Assim, apenas cumpria ao Tribunal apreciar as contas apresentadas e decidir, em sede de sentença, se tem por boas as contas prestadas ou quais as verbas da receita e da despesa que considera ou não considera justificadas (cfr. artº 1017º do CPC) e, eventualmente, condenar as rés no pagamento aos herdeiros do saldo apurado – artº 1014º nº 1 parte final (vide entre outros o Ac. do TRP de 26.9.2006, proc. 0624521).

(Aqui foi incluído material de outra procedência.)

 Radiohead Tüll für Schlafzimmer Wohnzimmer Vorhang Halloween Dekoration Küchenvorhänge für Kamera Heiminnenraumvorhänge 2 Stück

Pelo exposto e no segmento do dispositivo da sentença, terão de ser introduzidas modificações, adequando-o ao processado, que não tem por objecto determinar que as rés prestem contas, mas sim julgar as contas prestadas por estas, como as mesmas peticionaram.
V- DECISÂO
Nestes termos acordam os juízes desta Relação em julgar parcialmente procedente a apelação e, em consequência, revogando a sentença recorrida, julgam-se justificadas as despesas apresentadas pelas rés e referidas sob os nºs 9º, 17º e 19º dos factos provados na sentença (despesa com honorários do advogado, despesas documentadas nos autos a fls. 72 a 297, 392, 561 a 568 e ainda as despesas, em média não superiores a €700,00 euros por mês, para alimentação, higiene e vestuário da interdita) e injustificadas todas as restantes.
Custas por apelantes e apelados na proporção de 80% para aquelas e 20% para estes.
Guimarães 07.5.2015
Eva Almeida
Filipe Caroço
Henrique Andrade - Vencido. Como relator primitivo, apresentei projecto no sentido da avocação da decisão singular.